Roasted Beet Hummus

Pretty in pink, roasted beet hummus

I think beets can be a bit controversial: some folks hate them, some folks love them. Even if you fall into the former camp, can you at least appreciate with me what a beautiful magenta color they can lend to a dish?

That’s (at least partly) why I decided to try a new take on my usual homemade hummus recipe by adding in roasted beets. JUST LOOK AT THAT PINK COLOR ❤

Even if you’re not the biggest beet fan, you can still achieve the pretty pink: the recipe is customizable to control the intensity of the beet flavor while still lending the color. For this batch, I erred on the lighter side because my boyfriend isn’t a huge beet fan, and even he still enjoyed this hummus!


  • 1 can of chickpeas
  • 1/4 cup tahini
  • Juice from 1/2 large lemon (or 1 full small lemon)
  • 1 tsp minced garlic
  • 1/2 tsp salt
  • Fresh basil (optional)
  • 2 small roasted & peeled beets (optional to use more for a stronger beet flavor)

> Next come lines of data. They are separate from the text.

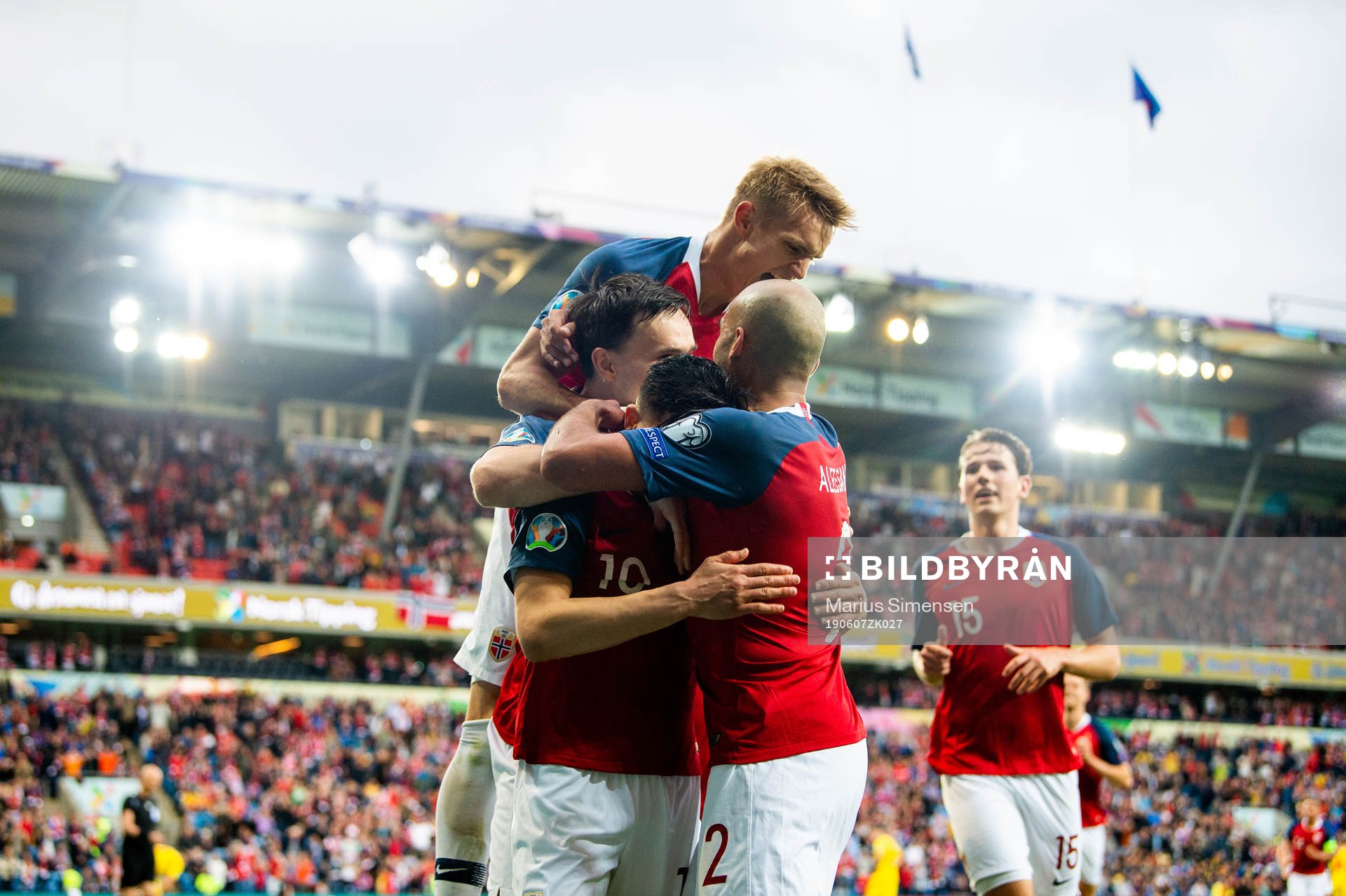 Tarik Elyounoussi of Norway celebrates with his teammates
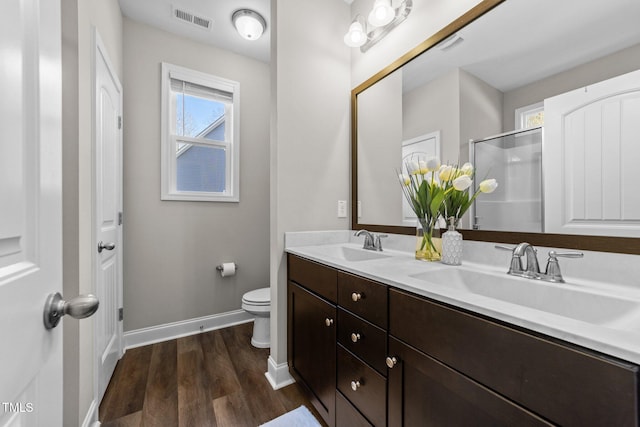 bathroom with plenty of natural light, toilet, wood-type flooring, and vanity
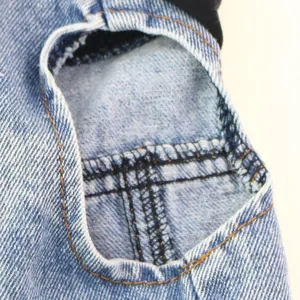 Close-up detail showing the durable stitching on a blue denim vest for small dogs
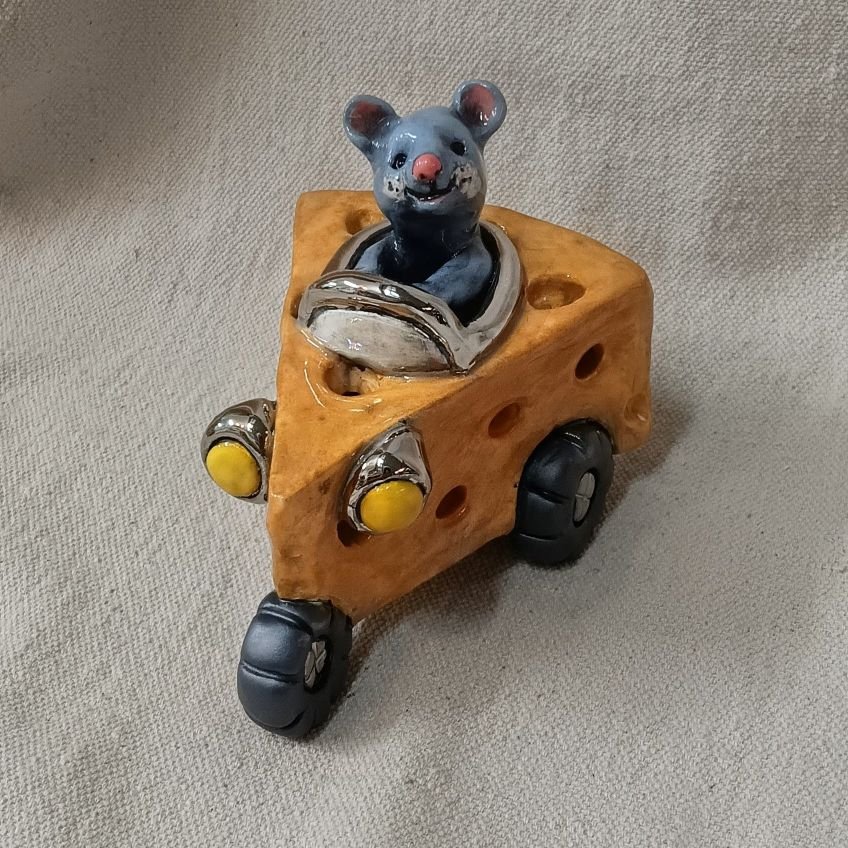 Richard Scarry cheese car, white clay with platinum luster, fired to cone 05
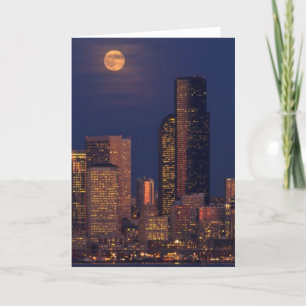 Carte Pleine lune se levant au-dessus de l'horizon du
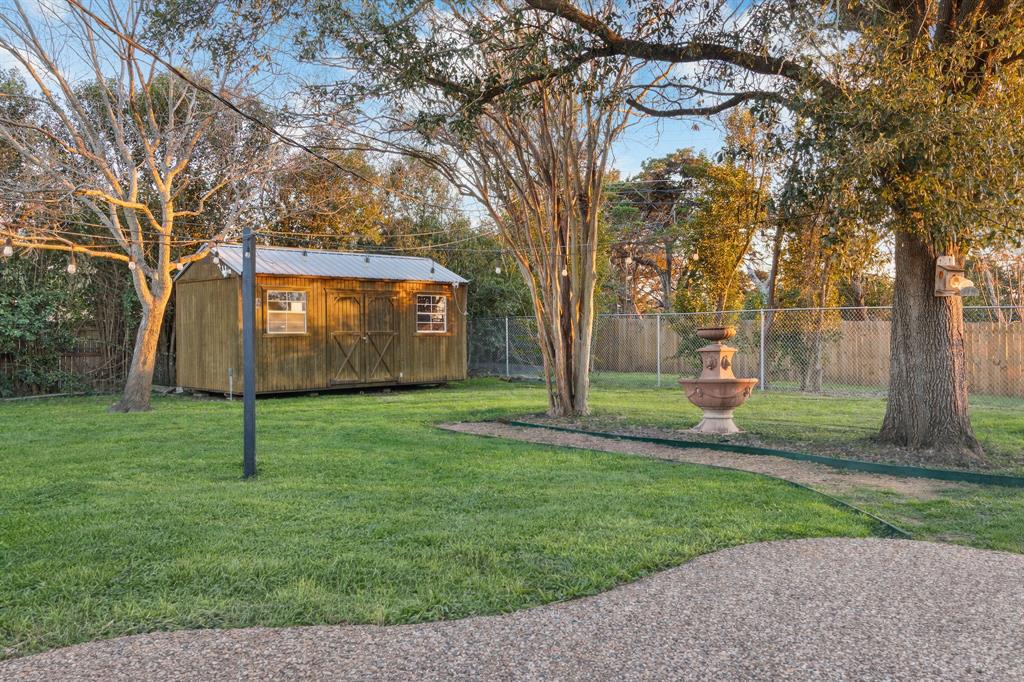 2208 Lake Ridge Circle Waco, TX 76710 - Photo 40 of 40 Fenced backyard featuring a storage shed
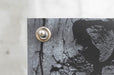 Extreme close-up view of a reinforced brass metal grommet on a custom printed outdoor vinyl banner. Clubcard printing palm springs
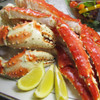 Alaska red king crab legs & claws on platter with lemon wedges.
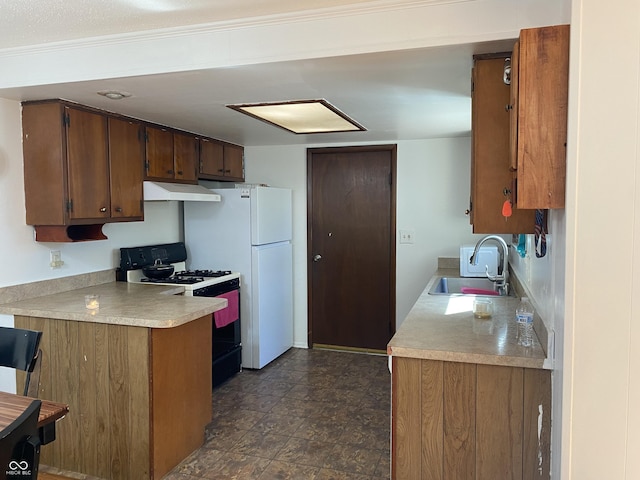 kitchen with a sink, freestanding refrigerator, range with gas stovetop, light countertops, and under cabinet range hood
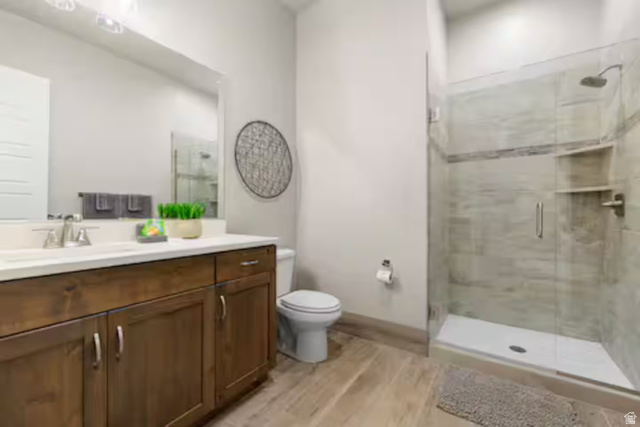 2600 Ocotillo Way, Unit 56 Santa Clara, UT 84765 - Photo 16 of 33 Full bath featuring vanity, a shower stall, and light wood-style flooring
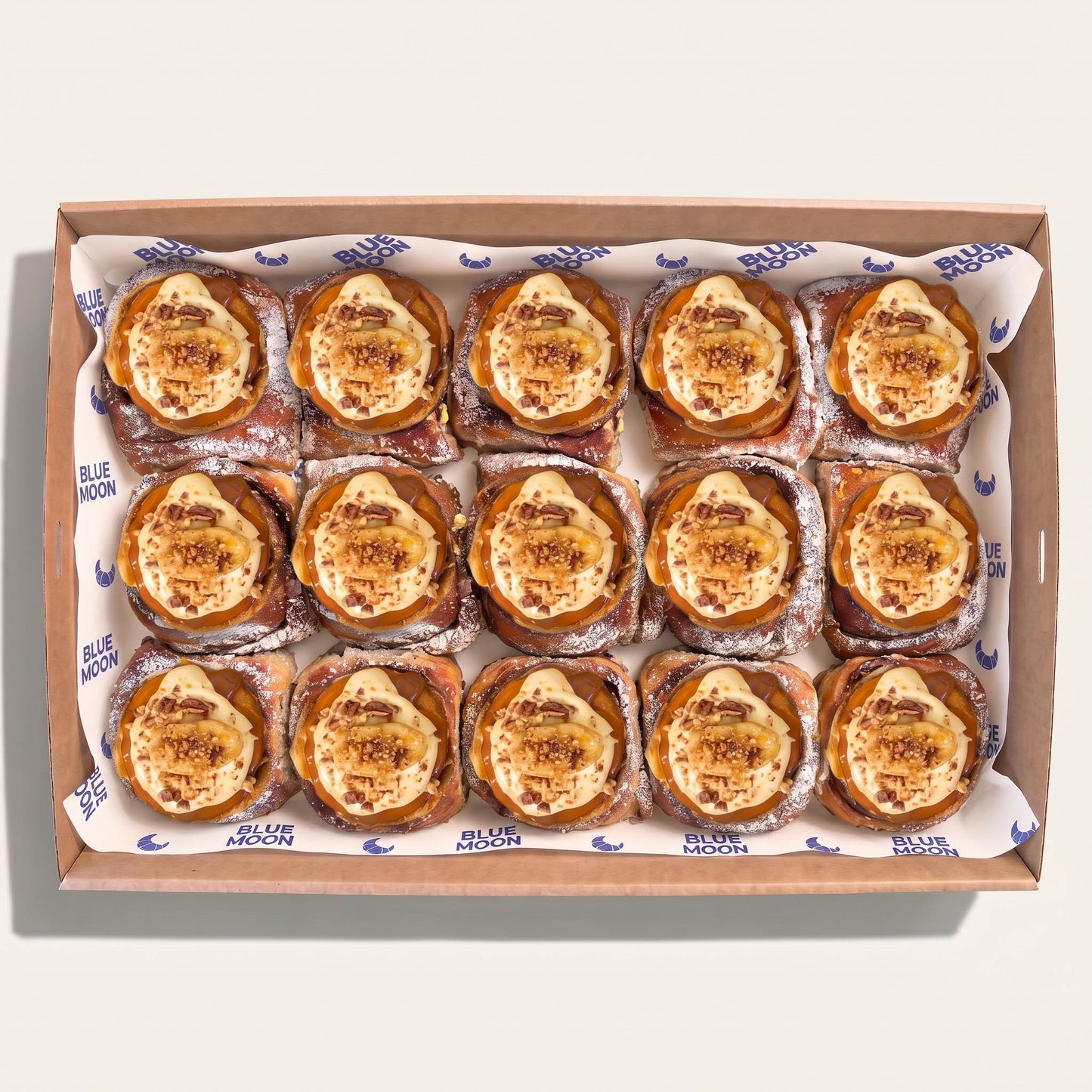 A top-down view of a cardboard bakery box filled with 12 baked pastries, each topped with a golden-brown caramelized custard or cream and a sprinkle of powdered sugar. The box is lined with white paper printed with the brand name 'Blue Moon'.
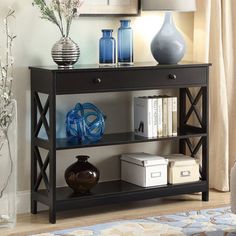 a black shelf with vases on it in front of a mirror and other items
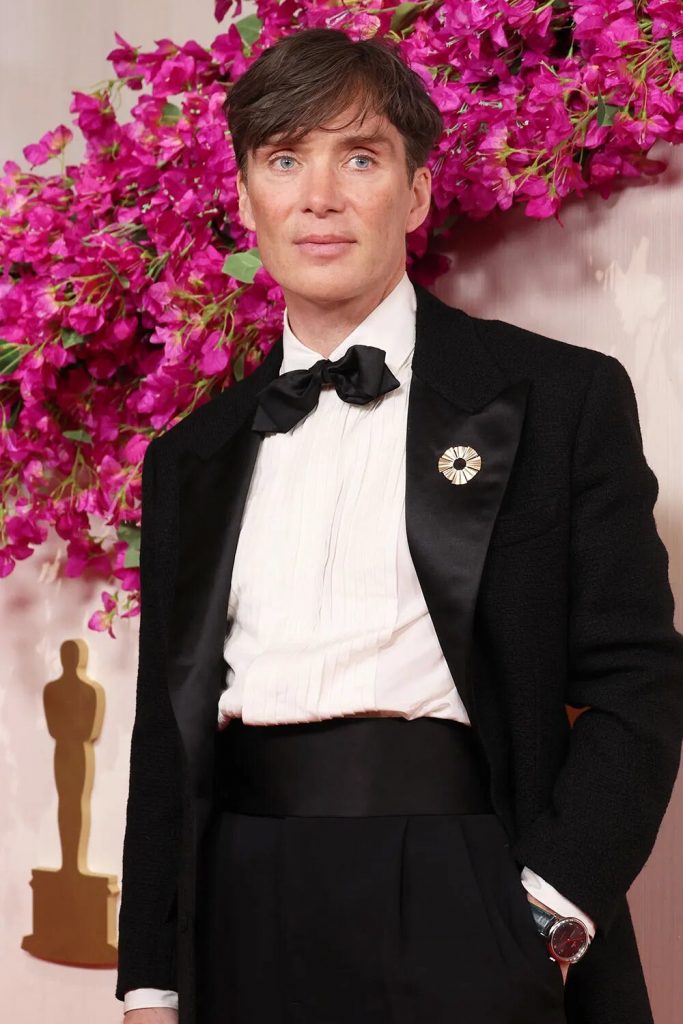 Cillian Murphy Oscars 2024 Red Carpet Omega watch and gold brooch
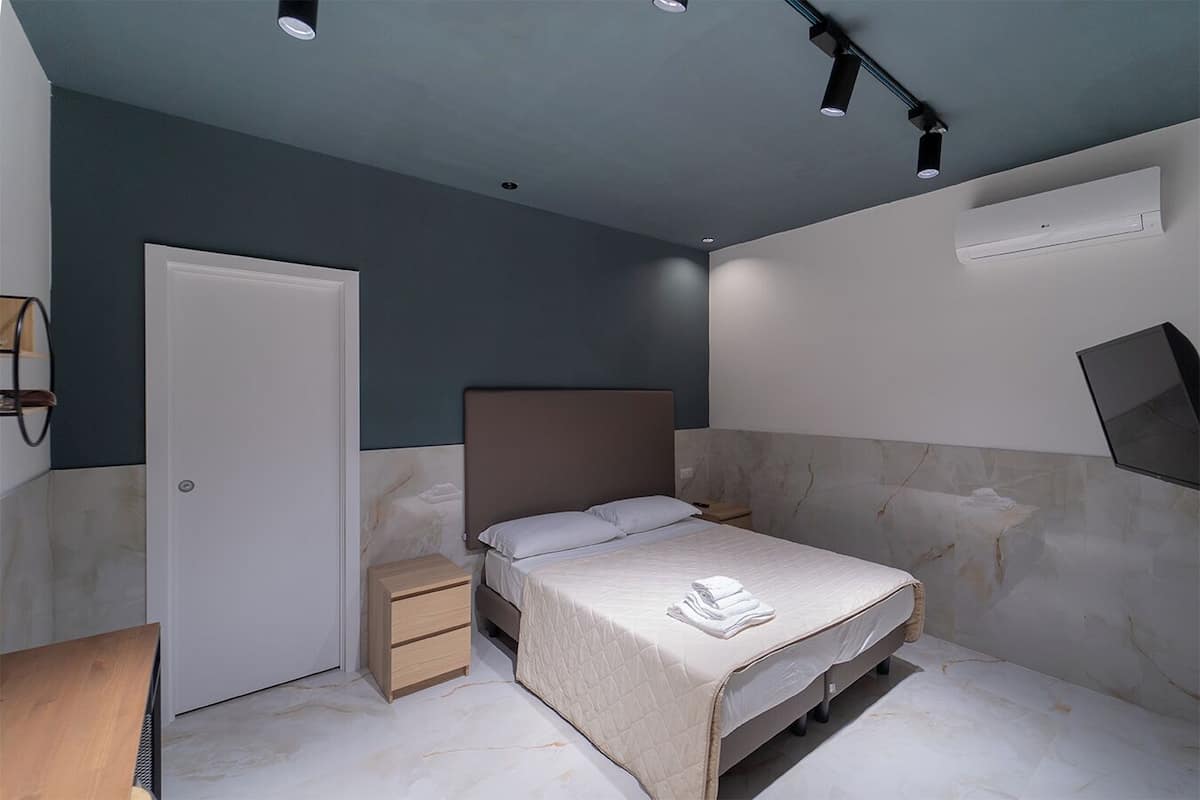 Ein modernes Schlafzimmer mit Bett, Nachttischen, einem Kleiderschrank und einer Deckenleuchte.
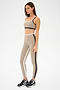 Wearing SPLITS59's Sam High Waist Rigor 7/8 in Latte/Black, one stands poised in a beige athletic ensemble with black accents, exuding workout energy. Black sneakers complete the look as they face slightly right against a simple backdrop.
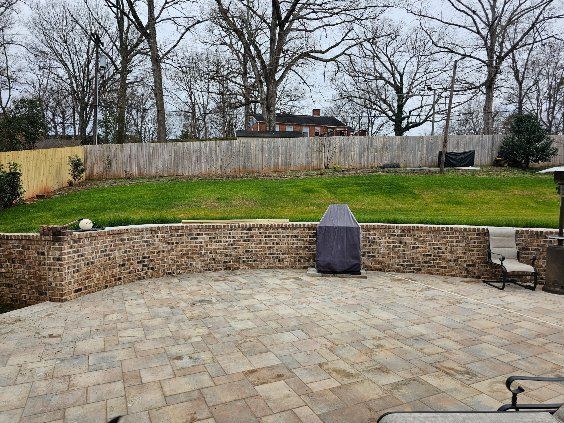 A paved patio with a brick retaining wall and a grill, green grass, and a wooden fence. Overcast day.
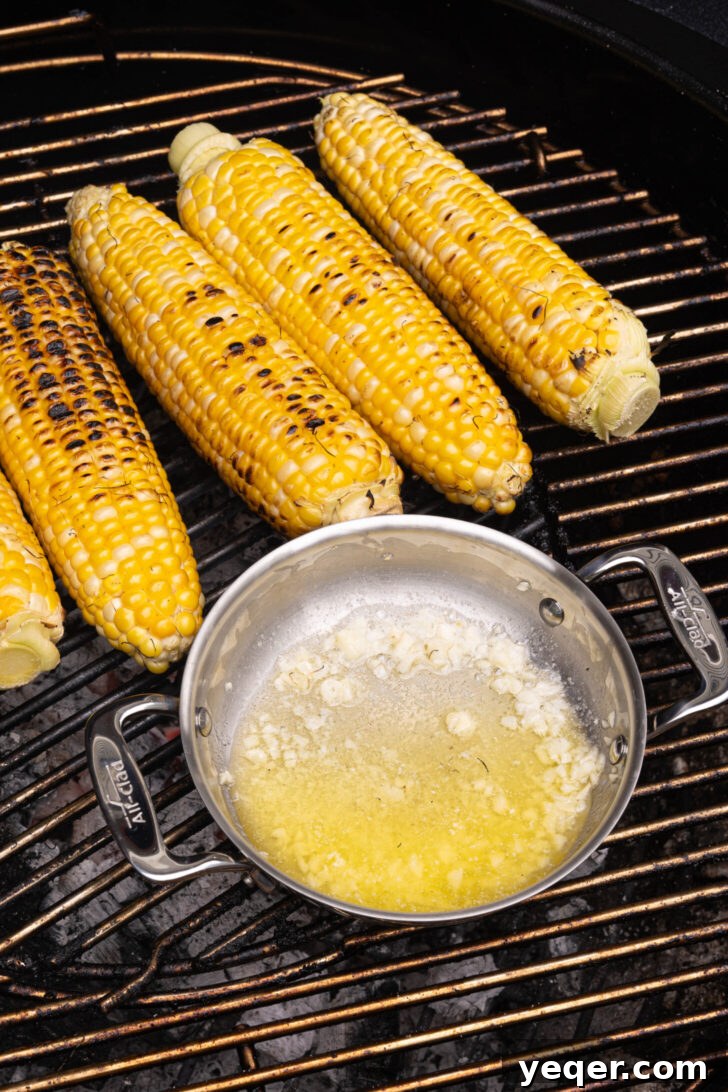 Grilled Mexican Street Corn Dip 6 Butter and minced garlic melting together in a small cast iron pan on the grill.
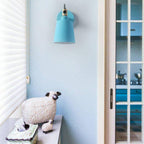 A stylish light blue retro sconce brightens the kitchen area with adjustable LED illumination.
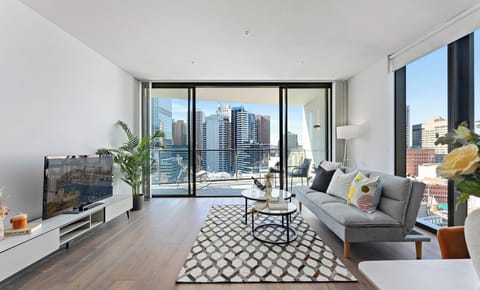 Comfortable lounge space with sofa bed and natural light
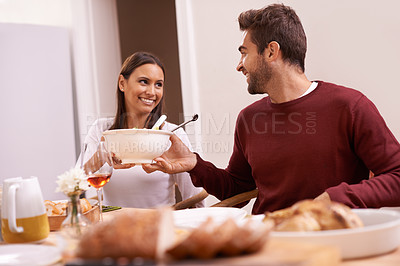 Buy stock photo Smile, dinner and couple at table sharing food, and drinks for celebration in home. Social event, happy man and woman at thanksgiving lunch together with high angle, relax and romantic holiday date
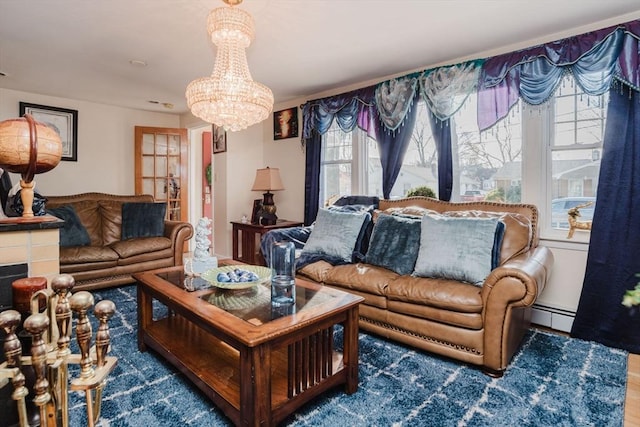 living room featuring a baseboard radiator, dark hardwood / wood-style flooring, and a chandelier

  1. Place whole, unpeeled beets on a baking tray and roast in the oven at 425F for ~30 minutes or until just getting soft (you should be able to easily cut through them). Remove from oven and set aside to cool.
  2. Drain the chickpeas but reserve 3 Tbsp liquid from the can. In a food processor, combine drained chickpeas, lemon, garlic, tahini, salt, basil, and reserved chickpea liquid. Pulse until creamy and smooth.
  3. Peel the cooled beets and cut in quarters. Place in the food processor and continue and pulse again until beets are incorporated.
  4. Transfer to a bowl and top with a drizzle of olive oil. Bask in the magenta-colored beauty, and enjoy with pita chips, celery sticks, or however you like your hummus!